- Problem description: Would you reproduce exactly the lines below from the one holding "Richard Lee Tak" through the one holding "HYUNDAI Tucson NX4", inclusive, and no others?

- Exercise data:

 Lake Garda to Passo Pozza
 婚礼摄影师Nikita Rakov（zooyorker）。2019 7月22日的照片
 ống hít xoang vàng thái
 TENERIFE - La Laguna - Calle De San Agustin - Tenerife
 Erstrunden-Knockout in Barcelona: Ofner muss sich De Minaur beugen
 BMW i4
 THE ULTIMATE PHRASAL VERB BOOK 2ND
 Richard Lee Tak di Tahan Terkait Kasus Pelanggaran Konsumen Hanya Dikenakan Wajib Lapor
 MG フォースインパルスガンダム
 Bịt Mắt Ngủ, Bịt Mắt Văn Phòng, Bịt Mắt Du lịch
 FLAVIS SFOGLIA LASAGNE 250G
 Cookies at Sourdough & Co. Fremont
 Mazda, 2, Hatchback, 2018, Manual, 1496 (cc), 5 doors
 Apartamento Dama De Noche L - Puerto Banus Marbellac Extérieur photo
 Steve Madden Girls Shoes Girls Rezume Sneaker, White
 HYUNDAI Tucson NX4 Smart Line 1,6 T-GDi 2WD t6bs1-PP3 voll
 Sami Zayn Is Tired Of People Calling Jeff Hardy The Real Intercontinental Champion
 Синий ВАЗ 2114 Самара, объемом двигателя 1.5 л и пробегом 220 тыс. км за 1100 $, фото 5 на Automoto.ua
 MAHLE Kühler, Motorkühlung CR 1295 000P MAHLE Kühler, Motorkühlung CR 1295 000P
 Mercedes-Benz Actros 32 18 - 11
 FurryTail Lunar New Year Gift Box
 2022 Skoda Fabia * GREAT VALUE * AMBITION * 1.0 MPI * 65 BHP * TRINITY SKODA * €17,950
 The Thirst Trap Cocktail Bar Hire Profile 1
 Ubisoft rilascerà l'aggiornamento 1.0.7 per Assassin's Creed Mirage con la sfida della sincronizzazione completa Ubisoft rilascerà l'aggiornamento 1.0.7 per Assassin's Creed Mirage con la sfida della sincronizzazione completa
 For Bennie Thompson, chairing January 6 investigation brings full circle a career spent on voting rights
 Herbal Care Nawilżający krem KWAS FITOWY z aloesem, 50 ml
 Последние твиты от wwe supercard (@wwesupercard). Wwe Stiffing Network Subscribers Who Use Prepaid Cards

- Response area:
 Richard Lee Tak di Tahan Terkait Kasus Pelanggaran Konsumen Hanya Dikenakan Wajib Lapor
 MG フォースインパルスガンダム
 Bịt Mắt Ngủ, Bịt Mắt Văn Phòng, Bịt Mắt Du lịch
 FLAVIS SFOGLIA LASAGNE 250G
 Cookies at Sourdough & Co. Fremont
 Mazda, 2, Hatchback, 2018, Manual, 1496 (cc), 5 doors
 Apartamento Dama De Noche L - Puerto Banus Marbellac Extérieur photo
 Steve Madden Girls Shoes Girls Rezume Sneaker, White
 HYUNDAI Tucson NX4 Smart Line 1,6 T-GDi 2WD t6bs1-PP3 voll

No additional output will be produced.